[Start of Attachment]

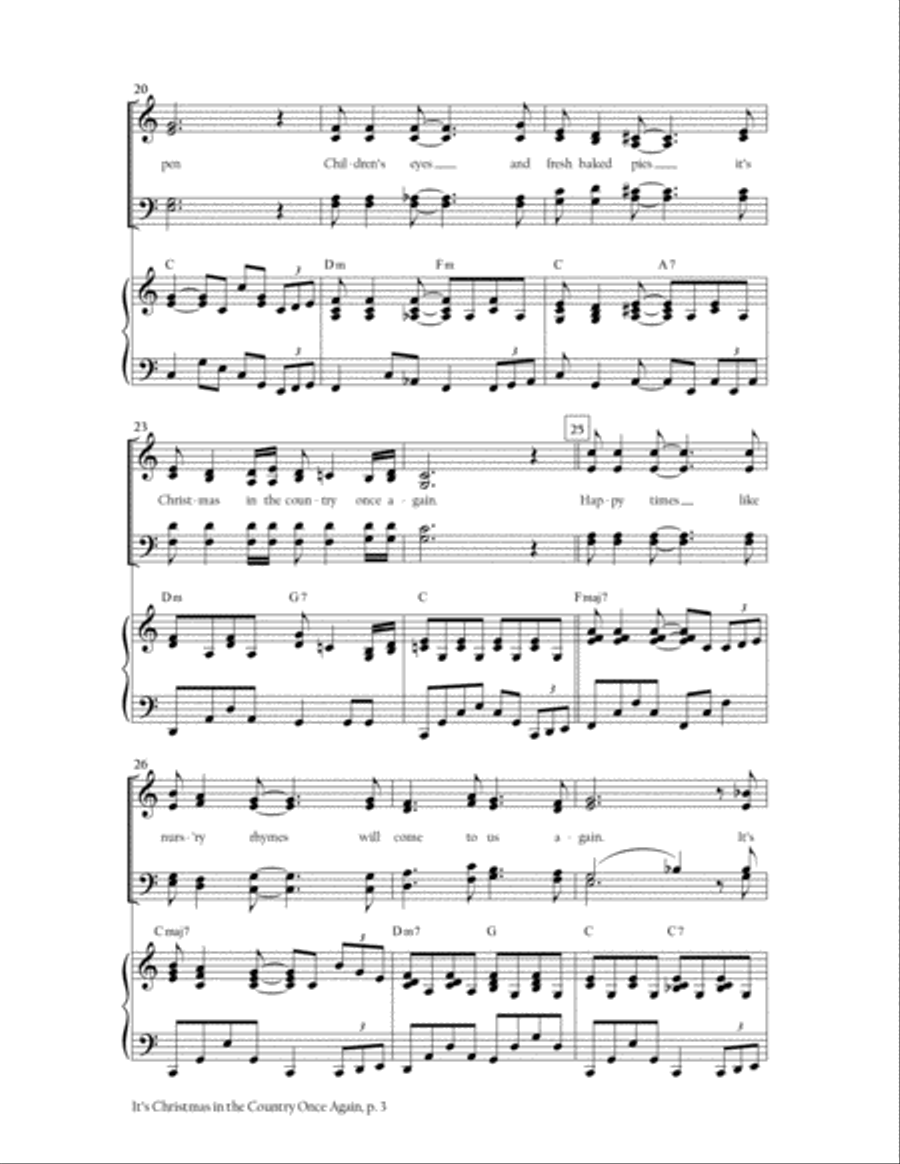 It's Christmas in the Country Once Again 4-Part scores gallery preview page 3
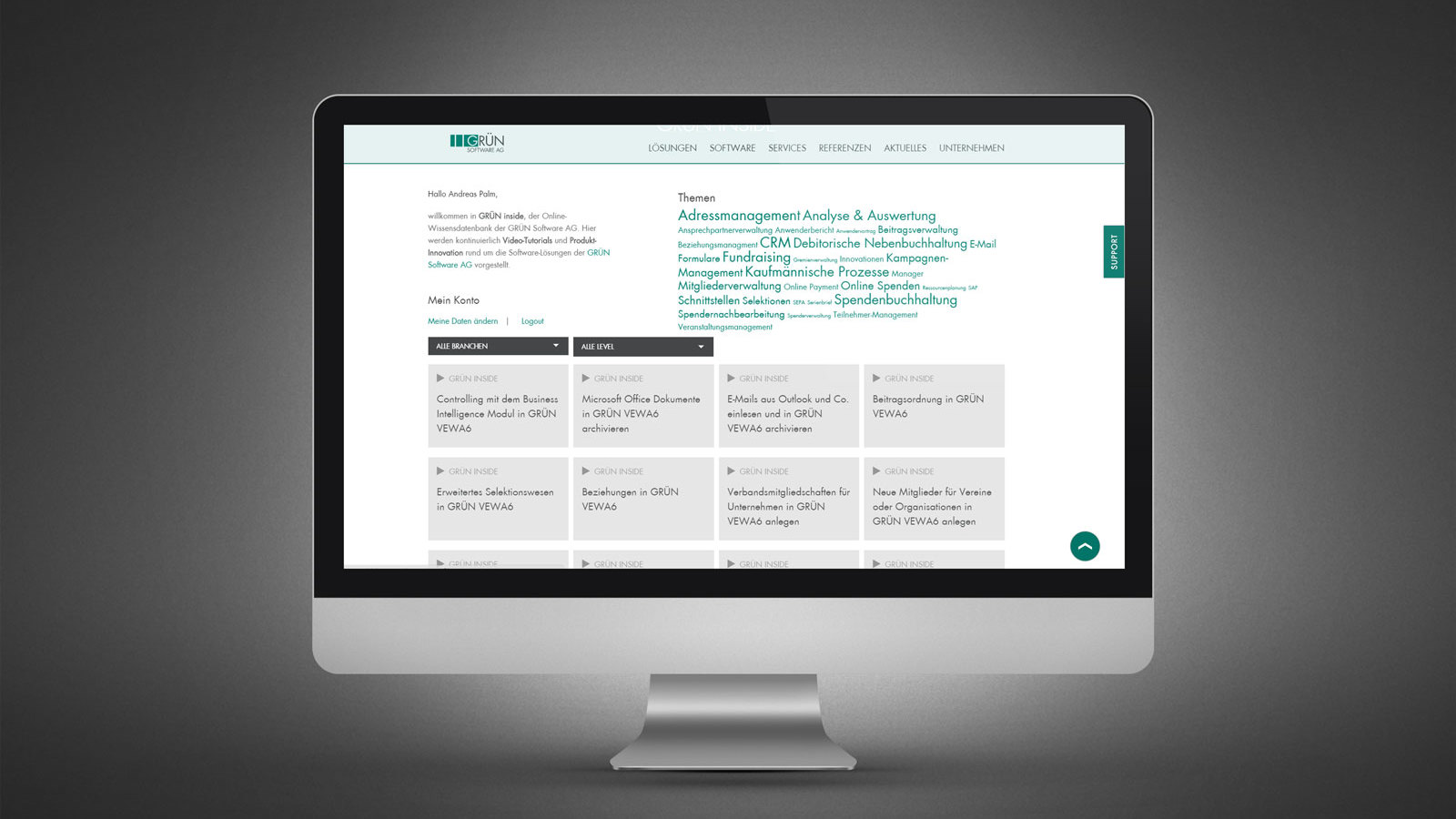 GRÜN inside: Exklusive Video-Tutorials und Produkt-Innovationen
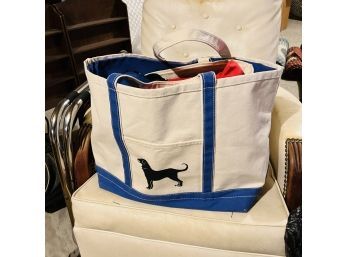 Pair Of Black Dog Canvas Totes And Other Bags (Basement)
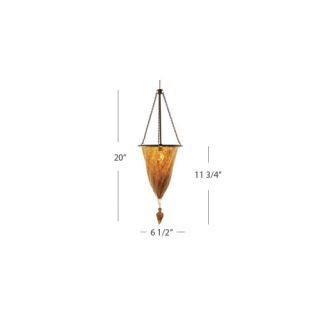 Lavai Art Glass Pendant with Bronze Shade by WAC Lighting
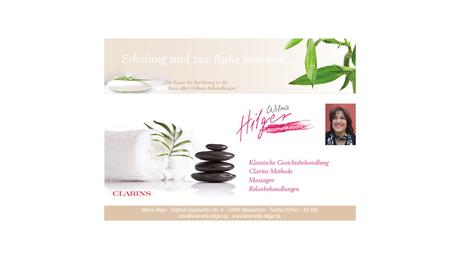Wilma Hilger Kosmetikinstitut Rainer Kerp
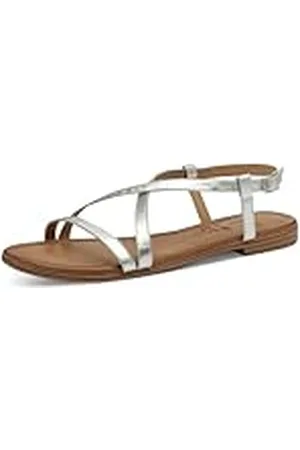 QS by s.Oliver 5-28145-44, Sandalias Mujer, Plata, 37 EU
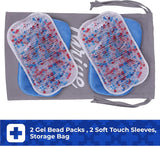 Gel Beads Hot & Cold Compress Pack – (2-Pack)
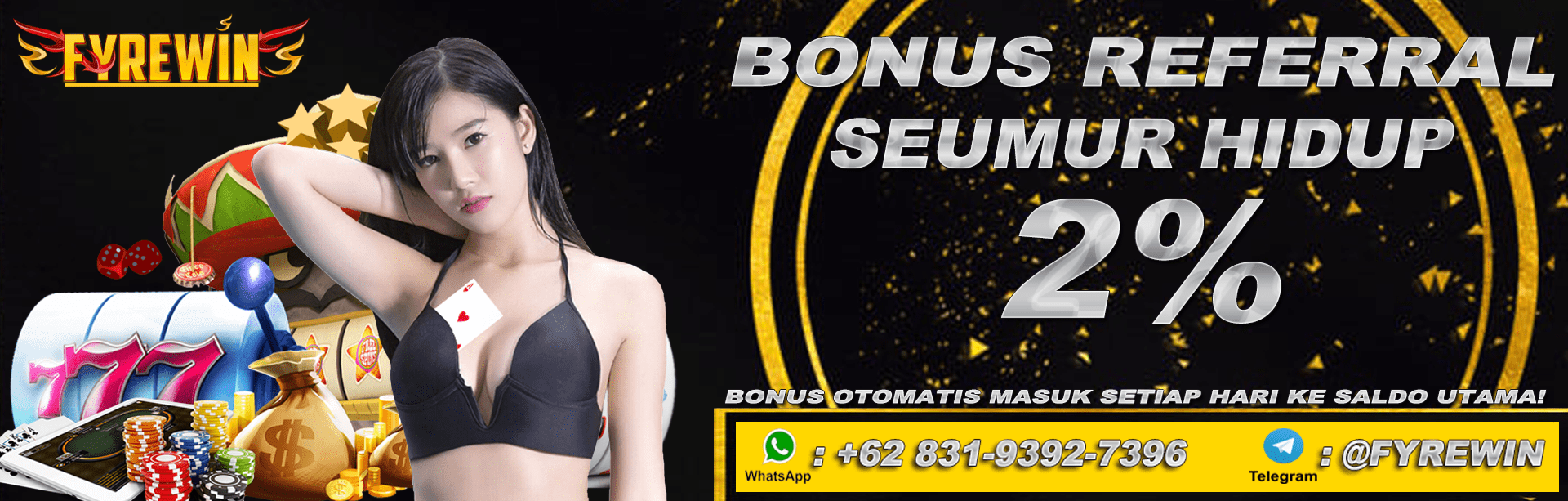 bonus referral 2% seumur hidup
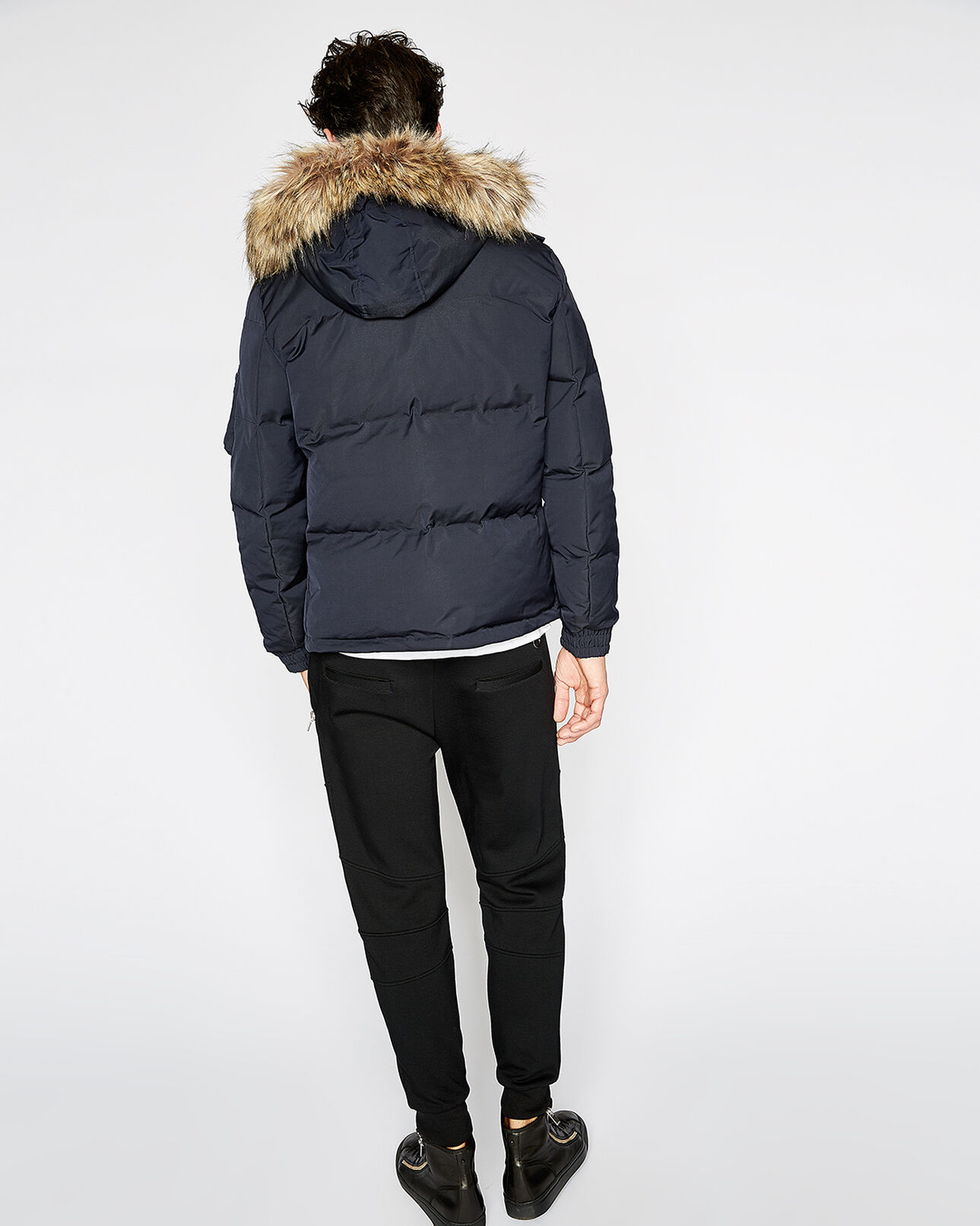 The Kooples MEN NAVY short navy blue down jacket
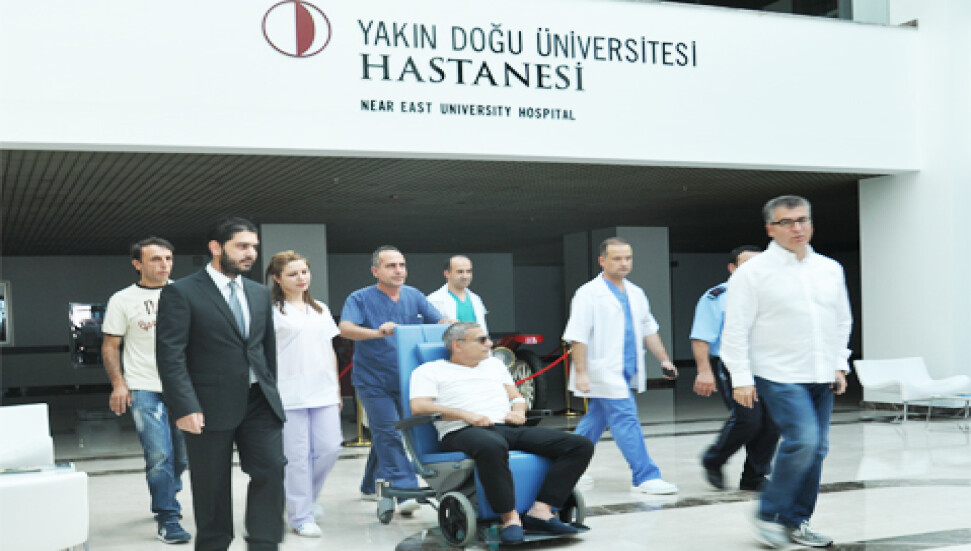 Mehmet Ali Erbil Yakın Doğu Üniversitesi Hastanesi`nden taburcu edildi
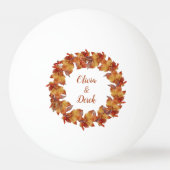 Script Fall Foliage Hochzeit Tischtennisball (Rückseite)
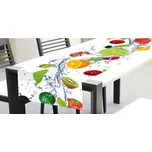 DIMEX | Běhoun na stůl Ovoce ve vodě TS 010 | vícebarevná | 40 x 140 cm + Běhouny české výroby DIMEX TS 010 Ovoce ve vodě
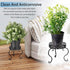 OwnMy Metal Round Plant Stand Indoor Outdoor Iron Flower Pot Holder, Heavy Duty Plant Stand Display Potted Rack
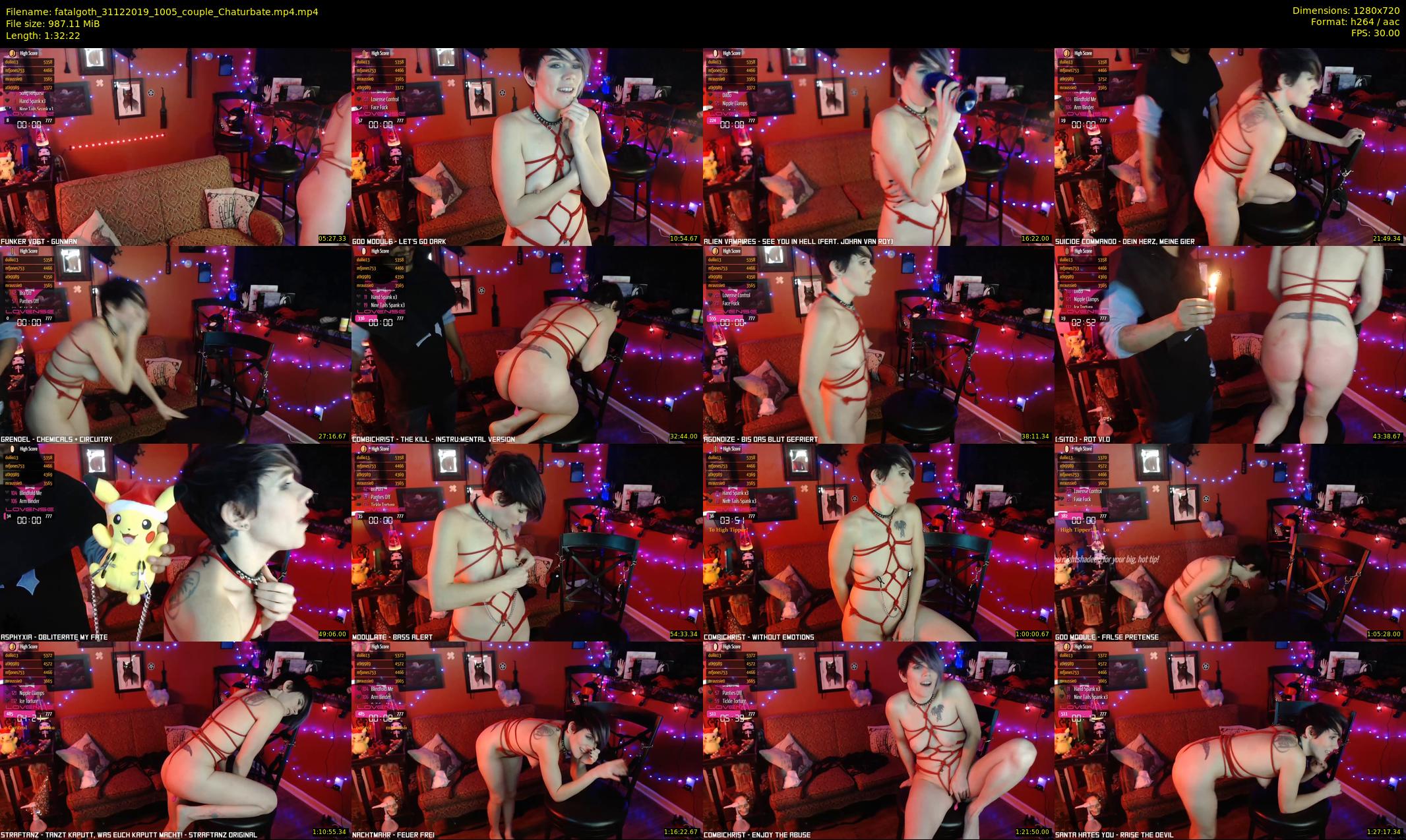 fatalgoth — 93 minute Chaturbate couple cam show recording, 720p, Dec 31, 2019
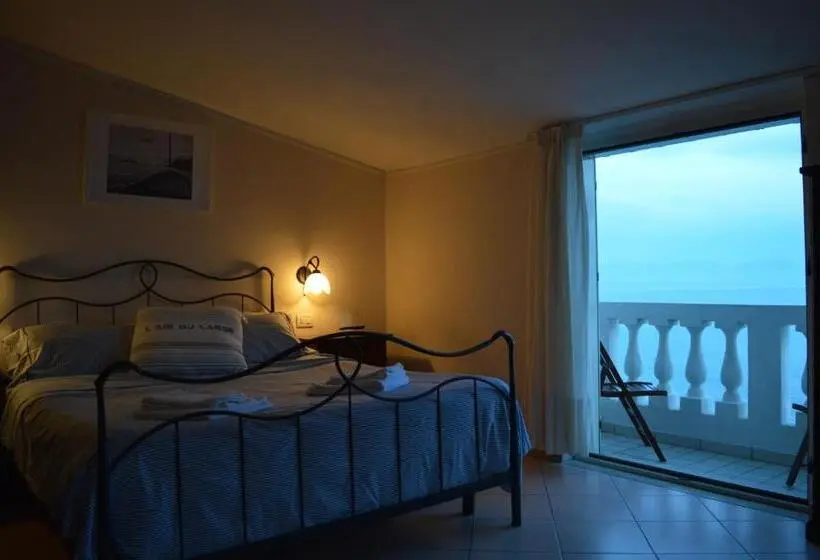 Standard-huone Merinäkymä Parveke, Albergo Tirreno
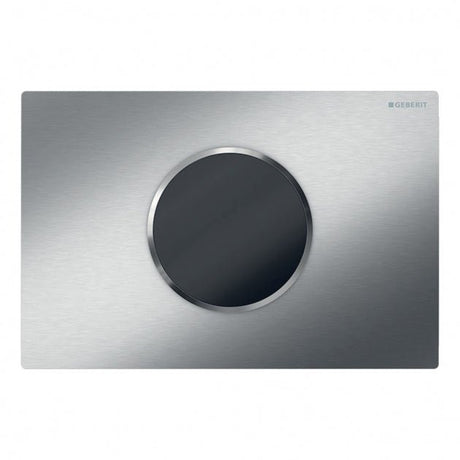 Geberit Sigma10 Battery - Operated Touchless Anti - Vandal Dual Flush Plate - Brushed Steel - 115.909.SN.6 - TAP 'N' SHOWER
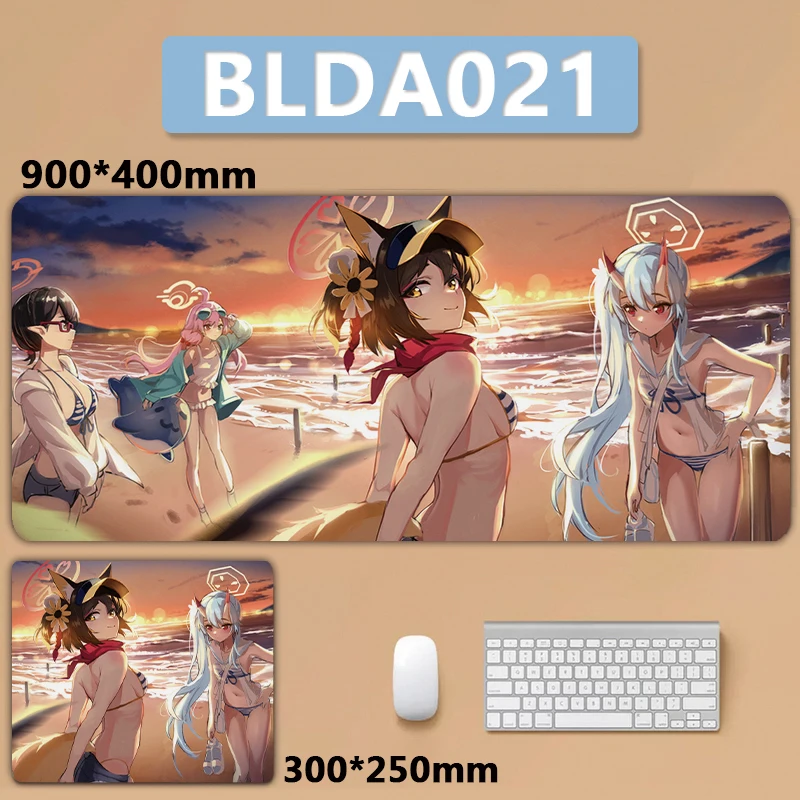 Grande Arquivo Azul Mousepad Arquivo Azul Mouse Pad Sorasaki Hina Hifumi Tendou Arisu Kuda Izuna - Imagem 3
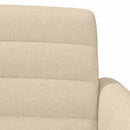 vidaXL Gombra tűzött loveseat Krémszínű 116 x 67 x 80 cm Szövet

[End of Attachment]

> ASSIGNMENT
Could you reproduce exactly, and only, the lines from the one containing "Script Fall Foliage" through the end of the records above, both included, while leaving out the pictures?

> EXERCISE OUTPUT
 Script Fall Foliage Hochzeit Tischtennisball (Rückseite)
 DIMEX | Běhoun na stůl Ovoce ve vodě TS 010 | vícebarevná | 40 x 140 cm + Běhouny české výroby DIMEX TS 010 Ovoce ve vodě
 OwnMy Metal Round Plant Stand Indoor Outdoor Iron Flower Pot Holder, Heavy Duty Plant Stand Display Potted Rack
 fatalgoth — 93 minute Chaturbate couple cam show recording, 720p, Dec 31, 2019
 Standard-huone Merinäkymä Parveke, Albergo Tirreno
 Geberit Sigma10 Battery - Operated Touchless Anti - Vandal Dual Flush Plate - Brushed Steel - 115.909.SN.6 - TAP 'N' SHOWER
 Grande Arquivo Azul Mousepad Arquivo Azul Mouse Pad Sorasaki Hina Hifumi Tendou Arisu Kuda Izuna - Imagem 3
 vidaXL Gombra tűzött loveseat Krémszínű 116 x 67 x 80 cm Szövet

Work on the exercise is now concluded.